Pesquisa detecta substâncias tóxicas em 100% dos fones de ouvido analisados

Um estudo europeu divulgado nesta quinta-feira (26) pela organização ambiental checa Arnika concluiu que todos os modelos de fones de ouvido avaliados, independentemente da faixa de preço, contêm substâncias químicas, potencialmente tóxicas, associadas a alterações no sistema hormonal.

A pesquisa examinou 81 modelos comercializados na Europa, analisando 180 amostras de componentes plásticos, tanto rígidos quanto flexíveis.
O levantamento apontou que todos os dispositivos continham bisfenóis, compostos amplamente utilizados na indústria e conhecidos por sua ação como desreguladores endócrinos.
Entre eles, o bisfenol A (BPA), já alvo de restrições severas em diversos países, foi identificado em 98% das amostras. Seu substituto mais comum, o bisfenol S (BPS), apareceu em mais de três quartos dos itens testados. O estudo foi financiado pela União Europeia e conduzido em cinco países da Europa Central.
Do premium ao econômico
A análise incluiu produtos de grandes fabricantes globais, como Apple, Sony, Samsung e Panasonic, além de marcas voltadas ao público infantil e ao segmento gamer, como Razer, Logitech e HyperX. Também foram avaliados modelos de baixo custo vendidos em plataformas online.

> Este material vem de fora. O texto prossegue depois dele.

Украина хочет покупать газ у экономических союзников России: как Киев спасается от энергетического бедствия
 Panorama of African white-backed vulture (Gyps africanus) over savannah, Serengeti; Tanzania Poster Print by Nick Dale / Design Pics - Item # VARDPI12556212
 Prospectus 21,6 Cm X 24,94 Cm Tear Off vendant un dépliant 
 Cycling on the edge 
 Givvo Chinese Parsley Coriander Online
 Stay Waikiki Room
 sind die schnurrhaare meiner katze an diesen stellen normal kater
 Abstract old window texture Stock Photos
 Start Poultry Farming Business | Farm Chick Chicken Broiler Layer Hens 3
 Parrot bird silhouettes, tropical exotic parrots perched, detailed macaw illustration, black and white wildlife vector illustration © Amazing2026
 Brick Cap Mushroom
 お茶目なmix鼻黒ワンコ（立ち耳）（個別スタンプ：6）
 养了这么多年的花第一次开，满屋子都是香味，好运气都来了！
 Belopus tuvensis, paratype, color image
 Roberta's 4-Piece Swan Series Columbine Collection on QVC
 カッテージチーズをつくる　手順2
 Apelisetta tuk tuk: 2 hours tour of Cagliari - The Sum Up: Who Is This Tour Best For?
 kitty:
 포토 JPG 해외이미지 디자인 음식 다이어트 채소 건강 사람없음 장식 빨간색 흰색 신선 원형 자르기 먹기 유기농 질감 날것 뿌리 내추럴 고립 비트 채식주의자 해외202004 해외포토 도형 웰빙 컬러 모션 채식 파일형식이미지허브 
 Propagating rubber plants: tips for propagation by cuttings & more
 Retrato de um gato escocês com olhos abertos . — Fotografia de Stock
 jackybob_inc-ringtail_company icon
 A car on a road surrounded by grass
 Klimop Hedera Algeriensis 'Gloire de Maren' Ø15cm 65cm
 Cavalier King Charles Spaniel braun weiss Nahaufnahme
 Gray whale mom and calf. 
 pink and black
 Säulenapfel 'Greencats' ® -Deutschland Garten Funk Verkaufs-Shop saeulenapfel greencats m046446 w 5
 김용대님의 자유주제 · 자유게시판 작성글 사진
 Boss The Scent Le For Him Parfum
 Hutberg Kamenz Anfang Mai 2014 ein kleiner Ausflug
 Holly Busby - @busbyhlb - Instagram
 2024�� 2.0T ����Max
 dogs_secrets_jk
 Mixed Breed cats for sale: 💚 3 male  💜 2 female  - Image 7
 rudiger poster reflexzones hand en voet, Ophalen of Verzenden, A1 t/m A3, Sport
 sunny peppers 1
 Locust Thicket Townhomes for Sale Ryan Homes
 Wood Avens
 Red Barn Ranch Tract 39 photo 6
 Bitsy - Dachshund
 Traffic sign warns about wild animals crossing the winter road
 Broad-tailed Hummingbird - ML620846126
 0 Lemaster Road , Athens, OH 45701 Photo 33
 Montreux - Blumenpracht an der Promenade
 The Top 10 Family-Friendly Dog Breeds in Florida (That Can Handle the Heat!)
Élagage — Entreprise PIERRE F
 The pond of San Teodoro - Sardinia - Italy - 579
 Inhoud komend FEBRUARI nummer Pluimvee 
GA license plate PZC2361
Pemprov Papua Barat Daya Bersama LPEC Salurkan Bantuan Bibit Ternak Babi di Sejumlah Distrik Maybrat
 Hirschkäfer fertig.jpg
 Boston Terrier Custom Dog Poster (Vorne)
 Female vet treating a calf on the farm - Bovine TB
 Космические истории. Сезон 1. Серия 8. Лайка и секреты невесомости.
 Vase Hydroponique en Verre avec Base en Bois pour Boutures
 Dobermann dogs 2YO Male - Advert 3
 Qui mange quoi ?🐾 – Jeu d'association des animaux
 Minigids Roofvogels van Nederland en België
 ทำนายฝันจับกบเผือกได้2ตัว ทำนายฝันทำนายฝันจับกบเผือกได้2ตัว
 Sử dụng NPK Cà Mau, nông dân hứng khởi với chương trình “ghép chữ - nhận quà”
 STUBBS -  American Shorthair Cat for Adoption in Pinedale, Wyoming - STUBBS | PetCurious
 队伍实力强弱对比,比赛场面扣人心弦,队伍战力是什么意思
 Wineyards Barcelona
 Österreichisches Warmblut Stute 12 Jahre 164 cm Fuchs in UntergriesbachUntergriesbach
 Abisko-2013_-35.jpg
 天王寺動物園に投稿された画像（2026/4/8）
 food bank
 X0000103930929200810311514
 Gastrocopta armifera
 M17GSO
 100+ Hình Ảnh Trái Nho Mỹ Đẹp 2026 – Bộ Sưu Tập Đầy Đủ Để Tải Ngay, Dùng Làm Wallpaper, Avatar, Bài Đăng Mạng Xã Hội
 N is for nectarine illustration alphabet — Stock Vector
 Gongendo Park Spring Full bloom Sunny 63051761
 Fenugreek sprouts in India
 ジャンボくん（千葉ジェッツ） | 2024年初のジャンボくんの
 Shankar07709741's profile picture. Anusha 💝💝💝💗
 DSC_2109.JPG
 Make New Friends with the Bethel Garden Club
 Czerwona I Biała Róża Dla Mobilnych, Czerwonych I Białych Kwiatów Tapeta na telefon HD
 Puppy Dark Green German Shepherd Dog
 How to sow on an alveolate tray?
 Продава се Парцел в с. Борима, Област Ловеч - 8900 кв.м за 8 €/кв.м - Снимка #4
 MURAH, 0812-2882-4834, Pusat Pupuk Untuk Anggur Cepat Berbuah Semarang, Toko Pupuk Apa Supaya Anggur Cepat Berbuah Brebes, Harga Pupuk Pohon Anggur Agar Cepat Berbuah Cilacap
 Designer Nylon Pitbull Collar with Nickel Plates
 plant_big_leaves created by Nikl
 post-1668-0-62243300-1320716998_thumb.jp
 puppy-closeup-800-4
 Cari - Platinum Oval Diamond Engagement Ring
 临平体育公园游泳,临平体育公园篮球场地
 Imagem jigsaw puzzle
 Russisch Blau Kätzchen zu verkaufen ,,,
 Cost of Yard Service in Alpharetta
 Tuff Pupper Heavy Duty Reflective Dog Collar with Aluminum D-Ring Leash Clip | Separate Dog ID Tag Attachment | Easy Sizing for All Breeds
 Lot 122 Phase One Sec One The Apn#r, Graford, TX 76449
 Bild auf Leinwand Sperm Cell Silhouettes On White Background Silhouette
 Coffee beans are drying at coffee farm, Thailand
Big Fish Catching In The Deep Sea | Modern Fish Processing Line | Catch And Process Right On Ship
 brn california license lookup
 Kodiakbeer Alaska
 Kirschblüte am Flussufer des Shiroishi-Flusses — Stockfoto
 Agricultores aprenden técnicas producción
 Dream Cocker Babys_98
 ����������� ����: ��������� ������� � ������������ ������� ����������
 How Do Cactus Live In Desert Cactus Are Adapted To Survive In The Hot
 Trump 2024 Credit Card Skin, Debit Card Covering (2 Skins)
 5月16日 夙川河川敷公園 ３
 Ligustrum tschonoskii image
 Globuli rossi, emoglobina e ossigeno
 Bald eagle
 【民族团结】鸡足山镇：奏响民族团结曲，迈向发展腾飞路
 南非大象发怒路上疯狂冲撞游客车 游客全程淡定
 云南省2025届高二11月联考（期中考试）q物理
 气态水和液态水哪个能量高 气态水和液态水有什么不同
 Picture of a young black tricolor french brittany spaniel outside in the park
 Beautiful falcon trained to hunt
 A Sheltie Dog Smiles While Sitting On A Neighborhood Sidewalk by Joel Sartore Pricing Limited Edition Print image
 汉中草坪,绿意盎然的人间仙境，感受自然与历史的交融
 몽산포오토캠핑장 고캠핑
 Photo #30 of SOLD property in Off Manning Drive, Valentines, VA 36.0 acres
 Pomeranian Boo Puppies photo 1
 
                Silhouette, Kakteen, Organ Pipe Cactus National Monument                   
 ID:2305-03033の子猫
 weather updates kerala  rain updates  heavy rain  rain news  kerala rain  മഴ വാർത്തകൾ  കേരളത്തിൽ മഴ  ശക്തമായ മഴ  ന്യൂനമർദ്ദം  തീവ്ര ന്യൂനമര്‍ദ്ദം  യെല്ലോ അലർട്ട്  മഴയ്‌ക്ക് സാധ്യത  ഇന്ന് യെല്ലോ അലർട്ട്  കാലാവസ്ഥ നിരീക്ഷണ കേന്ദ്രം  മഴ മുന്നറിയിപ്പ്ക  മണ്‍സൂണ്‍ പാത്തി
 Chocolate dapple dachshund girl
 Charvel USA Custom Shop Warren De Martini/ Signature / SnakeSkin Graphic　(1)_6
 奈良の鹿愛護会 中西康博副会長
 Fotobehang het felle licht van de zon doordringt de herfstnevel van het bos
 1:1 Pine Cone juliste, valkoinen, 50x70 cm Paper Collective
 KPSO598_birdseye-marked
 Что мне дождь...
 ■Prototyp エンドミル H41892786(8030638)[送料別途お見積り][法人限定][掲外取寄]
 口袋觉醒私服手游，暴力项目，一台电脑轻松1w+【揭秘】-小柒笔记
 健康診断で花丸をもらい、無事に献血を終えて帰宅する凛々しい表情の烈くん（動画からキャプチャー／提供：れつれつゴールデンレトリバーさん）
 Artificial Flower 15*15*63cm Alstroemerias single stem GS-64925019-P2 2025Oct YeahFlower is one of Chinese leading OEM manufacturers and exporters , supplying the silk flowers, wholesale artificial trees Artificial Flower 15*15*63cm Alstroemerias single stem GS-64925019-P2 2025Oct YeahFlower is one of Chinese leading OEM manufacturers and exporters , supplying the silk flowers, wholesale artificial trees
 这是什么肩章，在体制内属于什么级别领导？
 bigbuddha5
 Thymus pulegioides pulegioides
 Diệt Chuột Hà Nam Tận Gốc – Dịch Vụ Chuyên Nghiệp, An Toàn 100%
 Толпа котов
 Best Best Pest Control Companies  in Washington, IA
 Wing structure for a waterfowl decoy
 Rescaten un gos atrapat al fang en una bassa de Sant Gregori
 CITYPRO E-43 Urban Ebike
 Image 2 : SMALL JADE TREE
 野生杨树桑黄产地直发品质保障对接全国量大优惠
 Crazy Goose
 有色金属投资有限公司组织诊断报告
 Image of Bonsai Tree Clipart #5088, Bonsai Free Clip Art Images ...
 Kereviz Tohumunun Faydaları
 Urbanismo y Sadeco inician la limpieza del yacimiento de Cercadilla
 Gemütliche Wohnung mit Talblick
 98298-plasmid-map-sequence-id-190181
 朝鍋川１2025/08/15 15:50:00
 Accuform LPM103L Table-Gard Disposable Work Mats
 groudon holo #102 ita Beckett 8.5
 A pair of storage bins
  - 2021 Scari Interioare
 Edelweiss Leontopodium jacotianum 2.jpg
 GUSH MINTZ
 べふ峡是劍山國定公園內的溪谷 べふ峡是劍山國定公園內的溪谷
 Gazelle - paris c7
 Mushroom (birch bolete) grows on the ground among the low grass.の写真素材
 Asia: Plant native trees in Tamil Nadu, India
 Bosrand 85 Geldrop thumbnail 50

A conclusão é desconfortável para o consumidor: pagar mais caro não significa, necessariamente, adquirir um produto mais seguro. As substâncias foram encontradas em todo o espectro do mercado.
Karolína Brabcová, especialista em substâncias químicas da Arnika, afirma que o problema vai além da simples presença dos compostos no plástico. "Essas substâncias não são apenas aditivos inertes. Elas podem migrar dos fones diretamente para o nosso corpo", explicou.
Fatores como calor corporal e suor, comuns durante exercícios físicos, podem acelerar essa transferência pela pele. Embora não representem um risco imediato, a exposição contínua preocupa, especialmente entre adolescentes. “No caso dos desreguladores endócrinos, não existe um nível verdadeiramente seguro”, alertou.
Falhas na regulação
O estudo também chama atenção para uma prática recorrente na indústria química: a substituição de compostos proibidos por versões levemente modificadas da mesma molécula. Essas variações escapam temporariamente das listas de restrição, mas mantêm estrutura e efeitos tóxicos semelhantes.
Para os pesquisadores, os resultados indicam uma falha sistêmica na fiscalização da segurança química no setor eletrônico.
Emese Gulyás, especialista em consumo sustentável da Associação Húngara de Consumidores Conscientes, defende uma mudança de abordagem: "A legislação atual é lenta e ultrapassada. Precisamos de regras europeias harmonizadas que proíbam classes inteiras de substâncias perigosas, não apenas moléculas específicas", defendeu.
Além da proteção à saúde, o debate também envolve sustentabilidade. A presença de compostos tóxicos em plásticos dificulta a reciclagem segura e perpetua a circulação de materiais contaminados na cadeia produtiva.